PROBLEM REQUIREMENTS >> Reproduce only the lines below from the line containing "Immunofluorescence - Anti-CAD/BM1" to the line containing "14 - R3HCC1 Rabbit pAb AP57630", exactly as written, with both end lines kept. Omit the pictures.

DATA RECORDS >>
+-------+

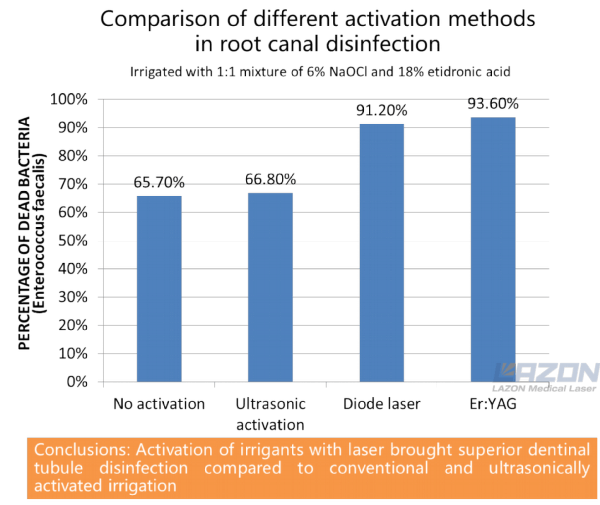 Activation of irrigants with laser in root canal disinfection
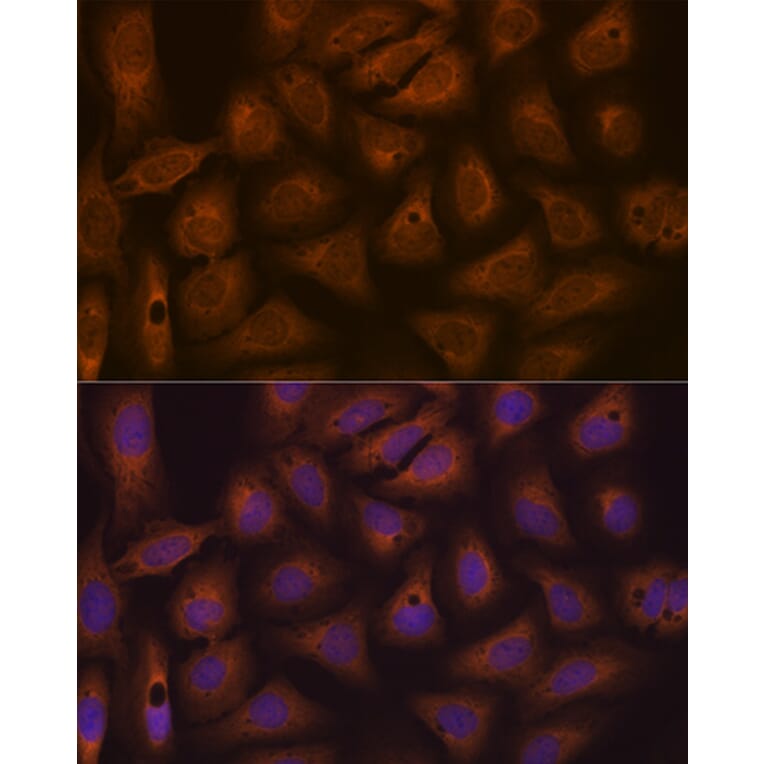 Immunofluorescence - Anti-CAD/BM1 Antibody [ARC1426] (A306805) - Antibodies.com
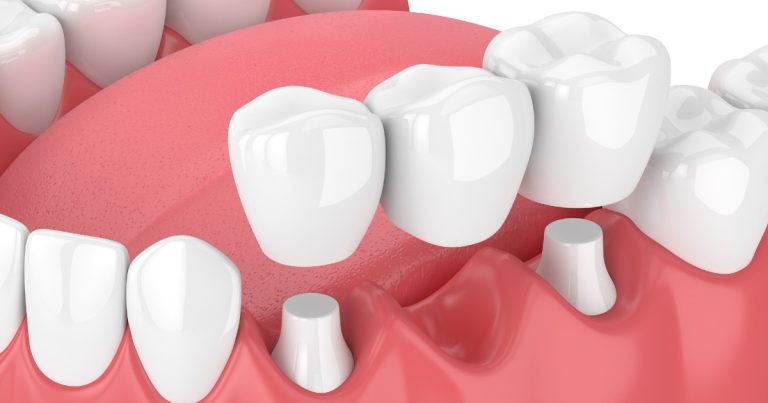 Dental Implants in Burlington: The Ultimate Guide to Restoring Your Smile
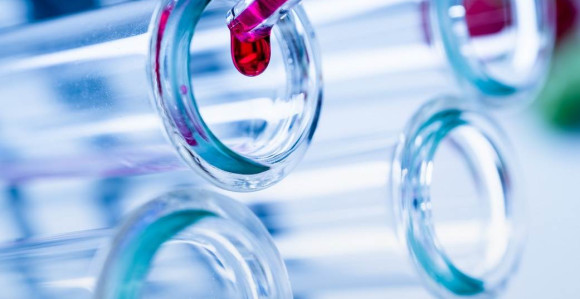 Virus korona potvrđen još kod 141 osobe u Srpskoj
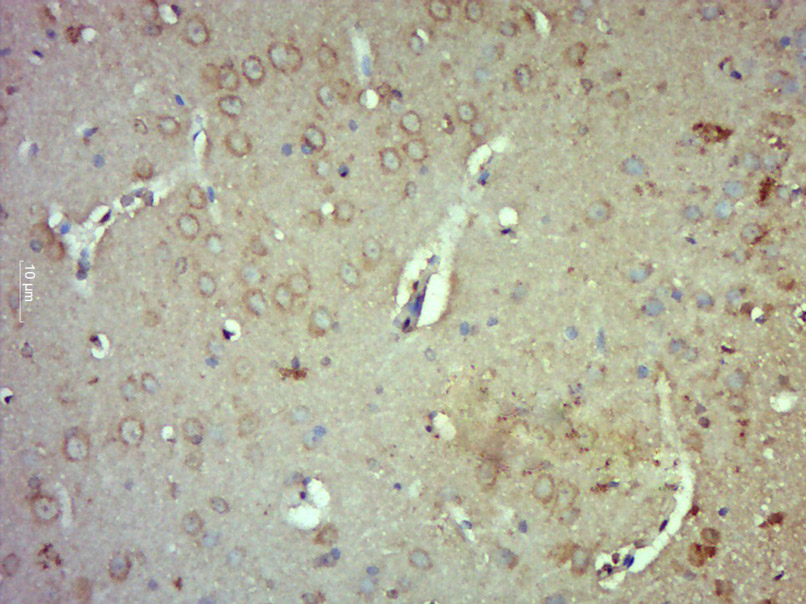 14 - R3HCC1 Rabbit pAb AP57630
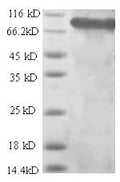 Recombinant Rat Integrin beta-1 (Itgb1), partial – Figure 1 of 1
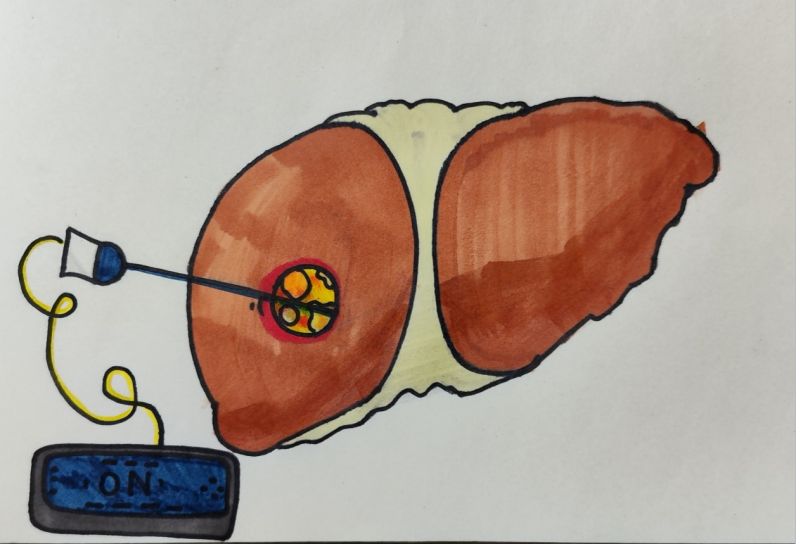 微波针是什么【临床前沿】一根针“烧死”肿瘤，市一医院应用微波消融技术治疗肝癌_https://www.jmylbn.com_新闻资讯_第6张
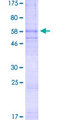 CXCR4 Protein - 12.5% SDS-PAGE of human CXCR4 stained with Coomassie Blue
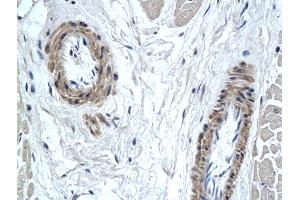 Formalin-fixed and paraffin embedded human heart tissue labeled with Anti-PAX7 Polyclonal Antibody, Unconjugated (ABIN739905) followed by conjugation to the secondary antibody (PAX7 抗体  (AA 410-460))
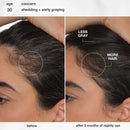 K18 Biomimetic Hairscience - Skincare - FutureIQ™ Hair Longevity Serum for Graying, Thinning, & Scalp Aging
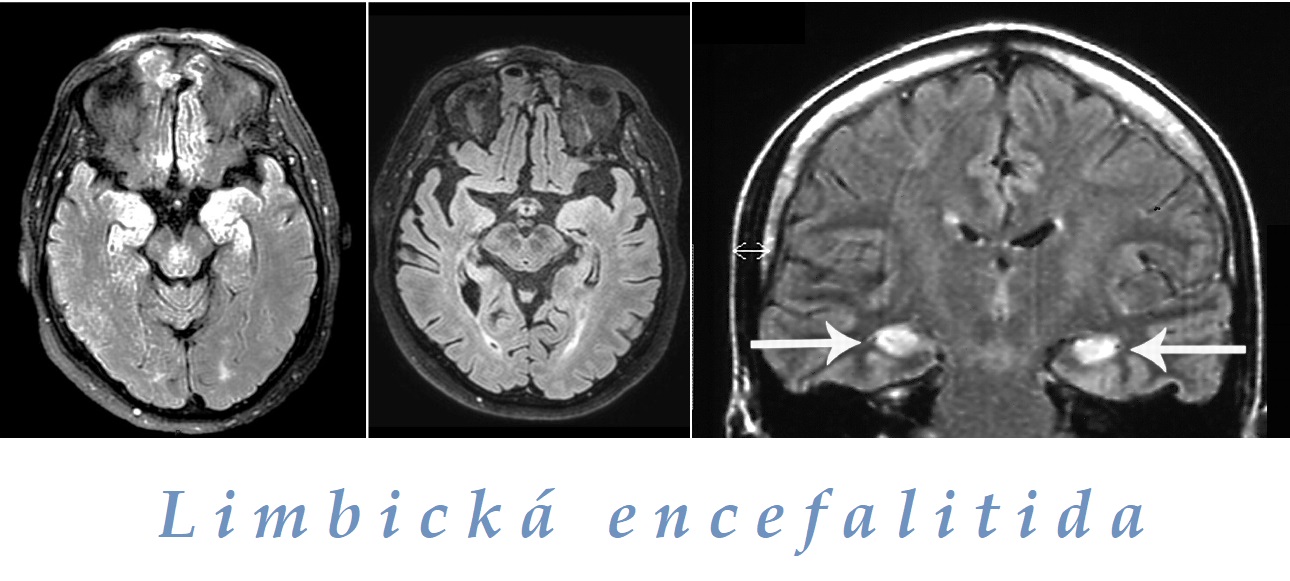Limbická encefalitida příznaky projevy CT MR NMR snímek obrázek příčina léčba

+-------+

EXPECTED ANSWER >>
 Immunofluorescence - Anti-CAD/BM1 Antibody [ARC1426] (A306805) - Antibodies.com
 Dental Implants in Burlington: The Ultimate Guide to Restoring Your Smile
 Virus korona potvrđen još kod 141 osobe u Srpskoj
 14 - R3HCC1 Rabbit pAb AP57630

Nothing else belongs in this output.